▶ [What is expected] Your answer should repeat the entries in full, exactly as given, with no pictures.

▶ [Data records]

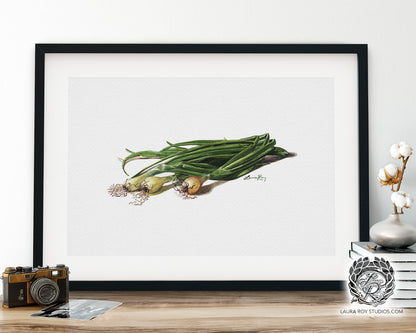 Spring Onions Watercolor | Giclée Print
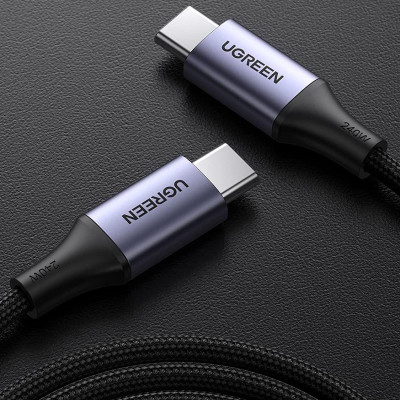 Ugreen UG90440US535TK 2M Màu Đen Cáp dữ liệu USB Type-c dài 2m - HÀNG CHÍNH HÃNG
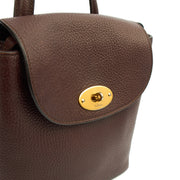 Picture of Mulberry Backpack Mini Bayswater in Oxblood, Calfskin Leather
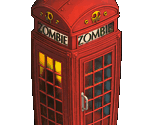 Phone Booth - Zombie Island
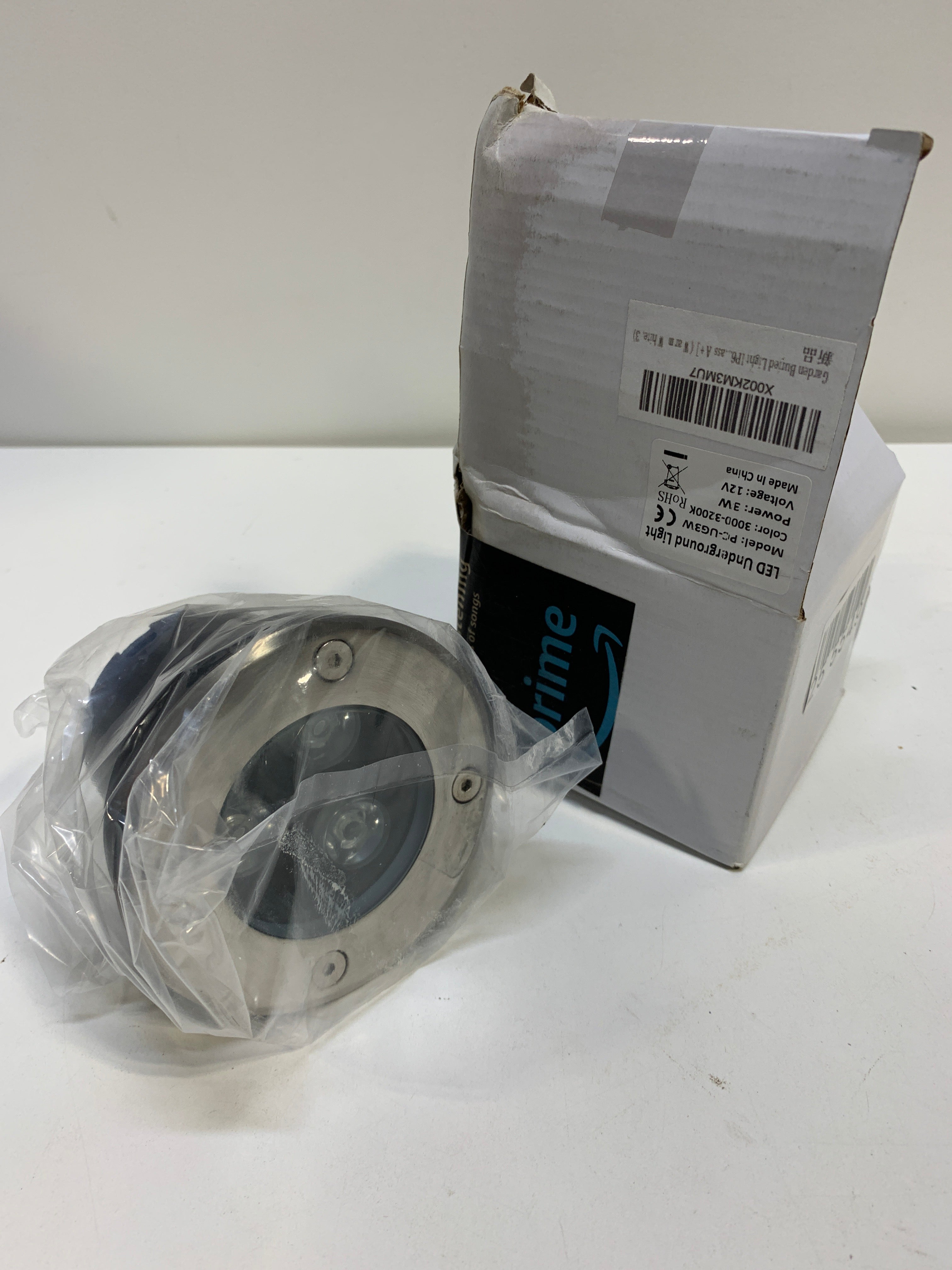 Garden Buried Light IP65 Outdoor LED Underground Recessed Inground Warm White 12V for Pathway Patio Super Bright (Warm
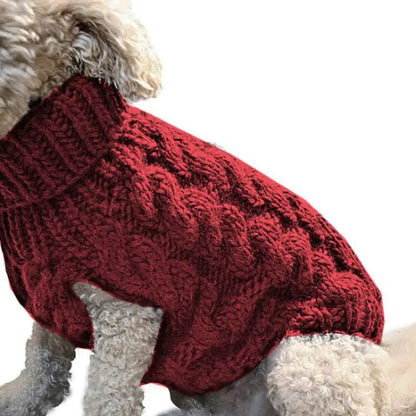 Winter pet Clothes Twist Dog cat Sweaters Warm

▶ [Exercise output]
 Spring Onions Watercolor | Giclée Print
 Ugreen UG90440US535TK 2M Màu Đen Cáp dữ liệu USB Type-c dài 2m - HÀNG CHÍNH HÃNG
 Picture of Mulberry Backpack Mini Bayswater in Oxblood, Calfskin Leather
 Phone Booth - Zombie Island
 Garden Buried Light IP65 Outdoor LED Underground Recessed Inground Warm White 12V for Pathway Patio Super Bright (Warm
 Winter pet Clothes Twist Dog cat Sweaters Warm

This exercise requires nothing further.